**Your task**
In your copy, leave out the pictures; write out all the data exactly.

**The data**
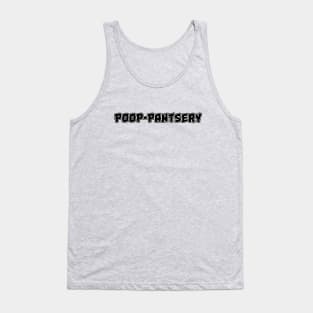 Poop-Pantsery Tank Top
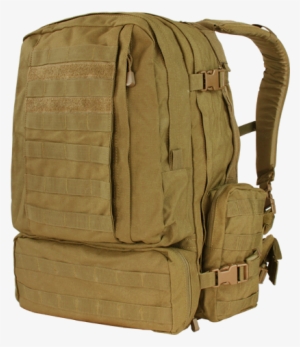 The - Condor Outdoor 3 Day Assault Pack Backpack - Coyote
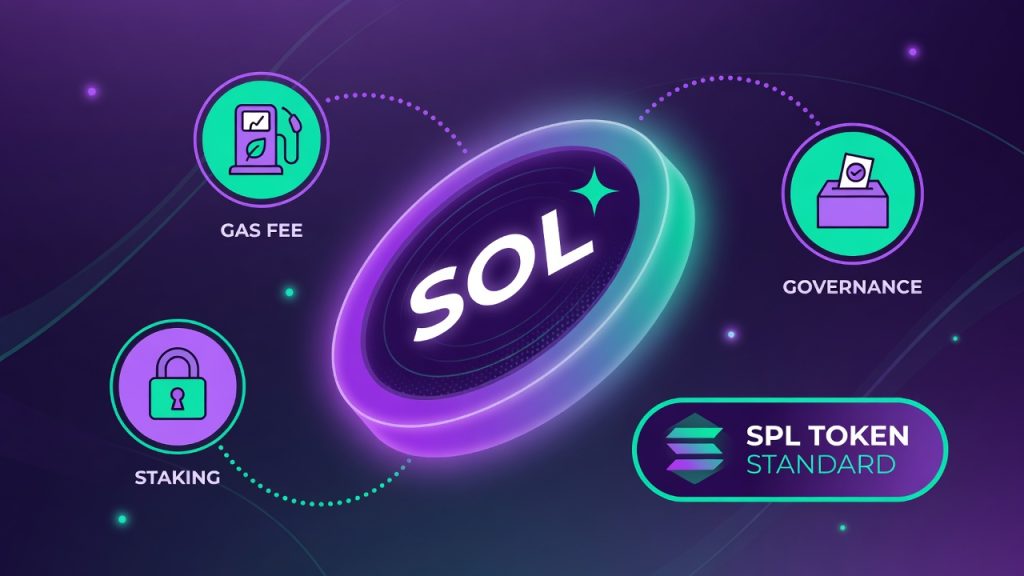 Token Native SOL Solana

**Your solution**
 Poop-Pantsery Tank Top
 The - Condor Outdoor 3 Day Assault Pack Backpack - Coyote
 Token Native SOL Solana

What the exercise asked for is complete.